Task requirements
With the pictures removed, the data below must be transcribed in full and exactly.
-------- Dataset excerpt --------
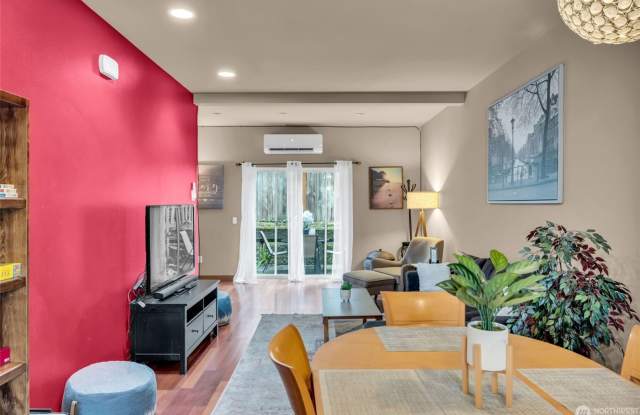 2-Bedroom Townhome with Attached Garage Gallery 3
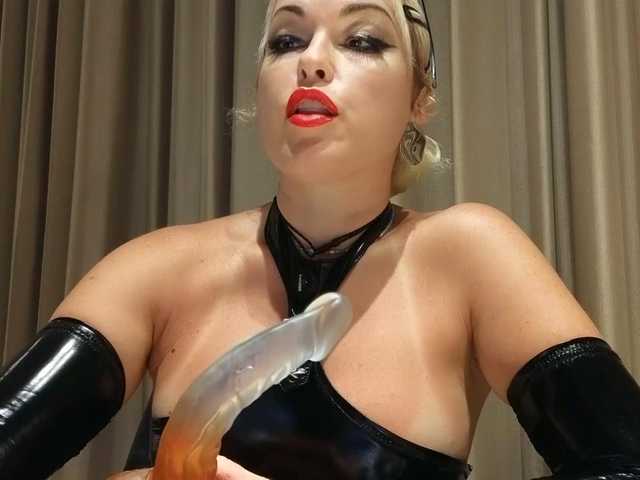 OhKatusha's BongaCams show and profile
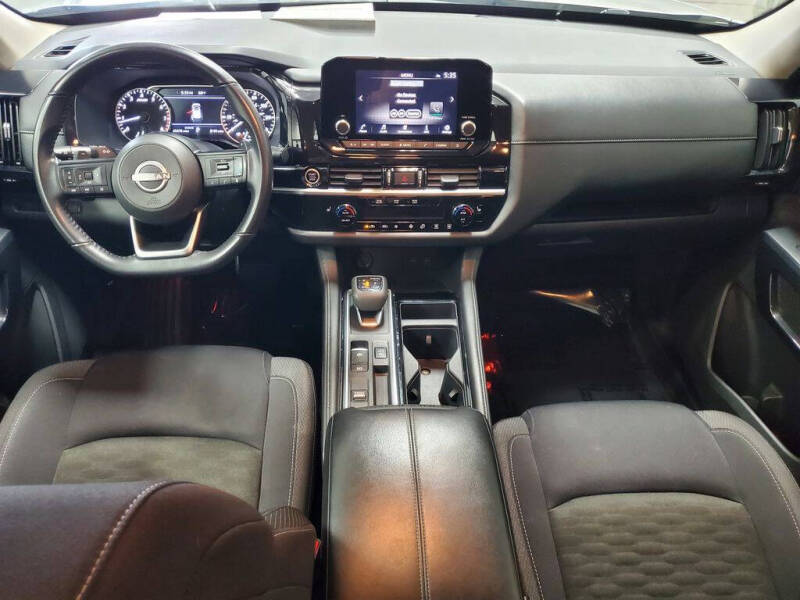 2024 Nissan Pathfinder SV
--------
Your response
 2-Bedroom Townhome with Attached Garage Gallery 3
 OhKatusha's BongaCams show and profile
 2024 Nissan Pathfinder SV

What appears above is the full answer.